For the entries below, print exactly the lines between the line holding "181 Mahone Dr, Lilburn, GA 30047" and the line holding "thread Cotton Tee", inclusive, and nothing else.
Materials provided Block Start
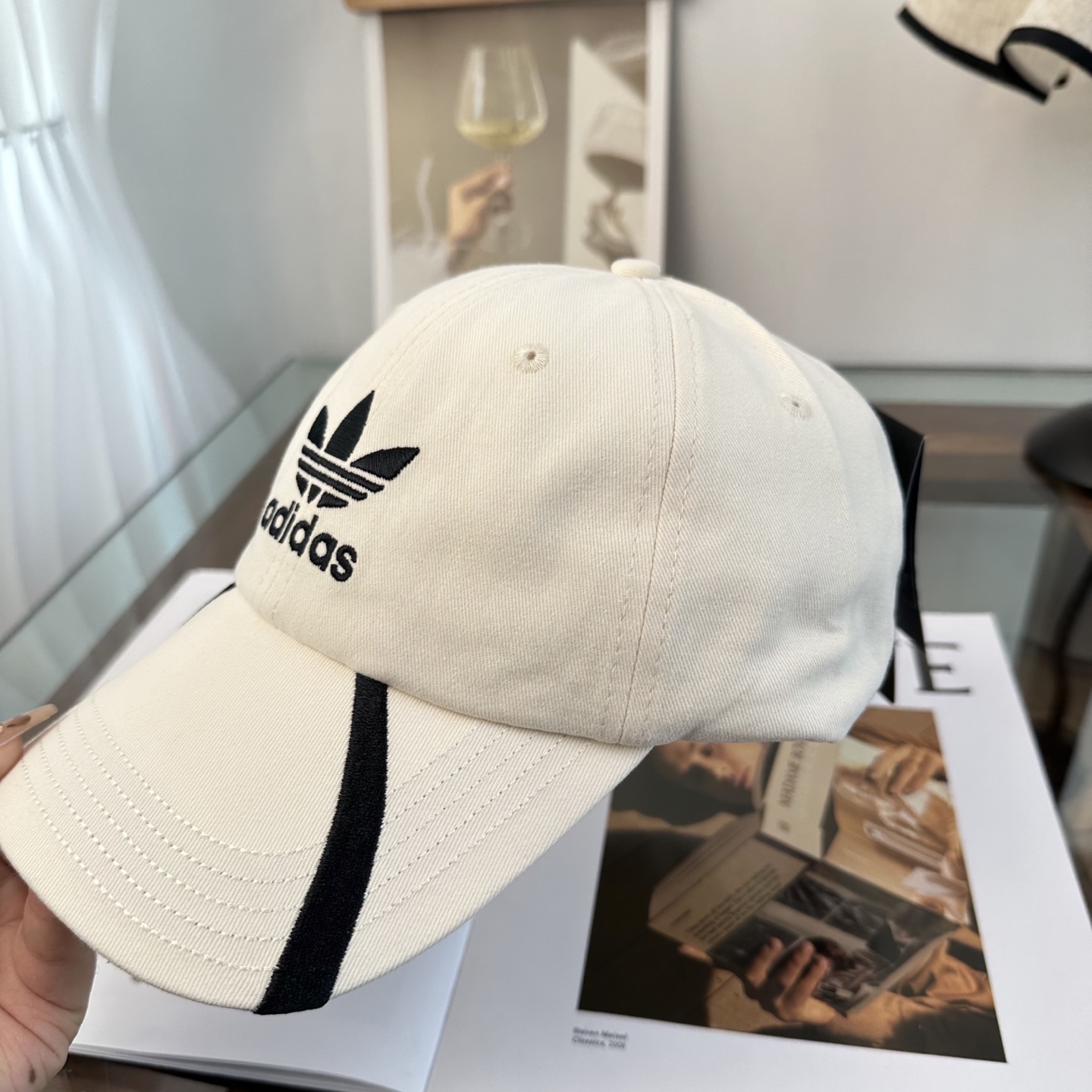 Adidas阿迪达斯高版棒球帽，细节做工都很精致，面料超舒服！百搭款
Materials provided Block End
Materials provided Block Start
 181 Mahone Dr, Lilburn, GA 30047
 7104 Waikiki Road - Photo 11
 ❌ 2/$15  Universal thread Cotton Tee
Materials provided Block End
Exercise solution ::
 181 Mahone Dr, Lilburn, GA 30047
 7104 Waikiki Road - Photo 11
 ❌ 2/$15  Universal thread Cotton Tee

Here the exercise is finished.